Siempre pensé que la entrevista debía ser una conversación ágil e ilustrada en que dos personas informadas traten temas de interés, afinen sus puntos de vista, precisen conceptos, discrepen respetuosamente, empleen con sagacidad y elegancia la frontalidad o la ironía, para que lectores o espectadores saquen sus propias conclusiones. Sin embargo, desde hace bastante tiempo ya, el género se transformó en un sui géneris evento boxístico en que dos púgiles virtuales apuestan a la derrota del “oponente”. La entrevista, pues, devino, con excepciones, en un combate entre entrevistado y entrevistador, con ganadores y perdedores y, por supuesto, orientado por la perversión del “rating.” El destino del debate parece haber sido peor, al punto que en los foros académicos prácticamente ha desaparecido. Lo poco que queda de la tradición de debatientes, de la que muchos hombres públicos fueron entusiastas cultores, es lamentable. Y lo grave es que, en la sana comprensión de la democracia como sistema de posibilidades de elegir y de vivir, el debate fue y es pieza clave. En el pasado, los debates no siempre fueron edificantes, cierto es, pero quedaba la idea de que, pese a todo, era preciso discutir abiertamente propuestas sobre temas de interés público, contrastar pensamientos, sugerir alternativas, contradecir proyectos. Parecía necesario que, además de proponer, había que someter a discusión la propuesta.

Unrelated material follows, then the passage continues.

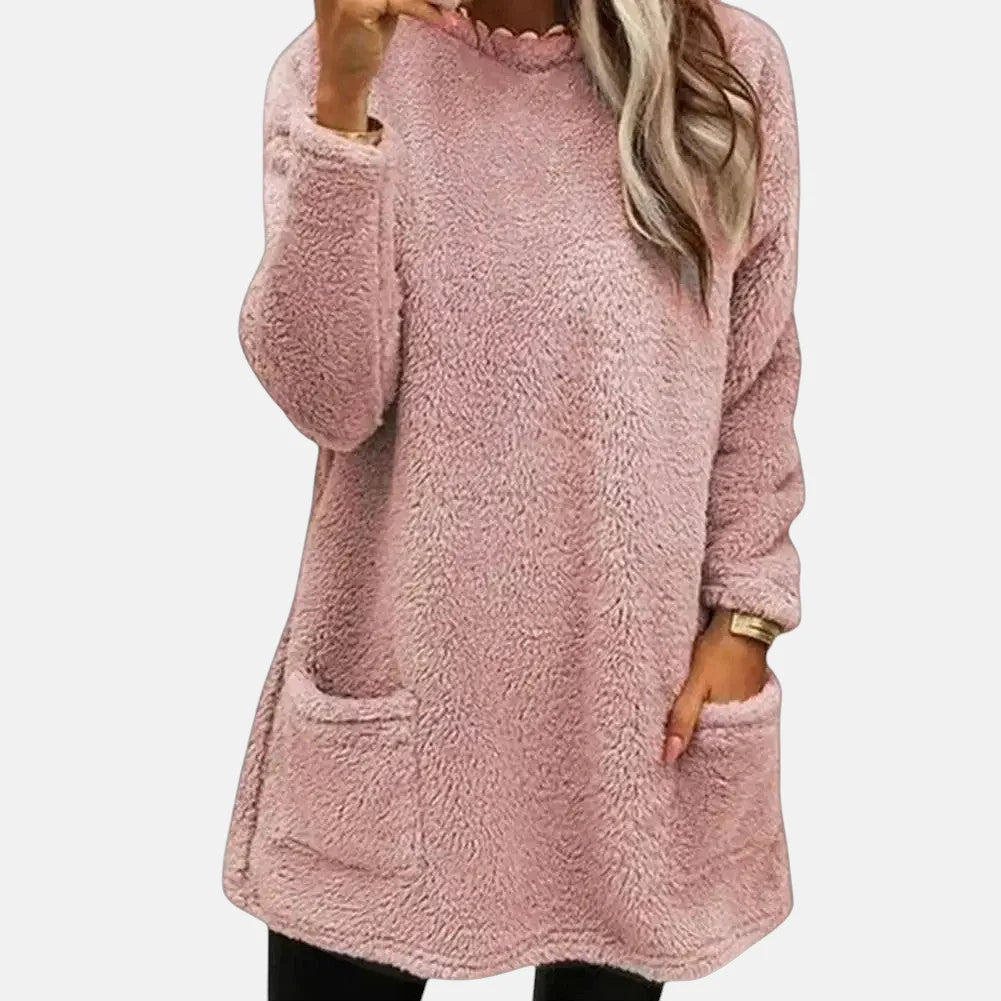 Laura | Women's Longline Front Pocket Fleece Jumper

El reciente debate entre candidatos a la Alcaldía de Quito me dejó la impresión de que, aparte de dos personalidades y de dos estilos que se disputaron las preferencias, la gran ausente fue Quito, su proyecto, su futuro, su idea como espacio para vivir y prosperar. Los alcaldes no son políticos combatientes; son gestores de la ciudad, administradores legítimos de ese concepto perdido en el tumulto de las urbes, que debemos rescatar y que es el vecindario sustentado en la identidad, en la solidaridad, en el afán de vivir bien en comunidad. Me quedé con la impresión de la ciudad ausente del debate. Me hizo falta Quito, mi ciudad de adopción.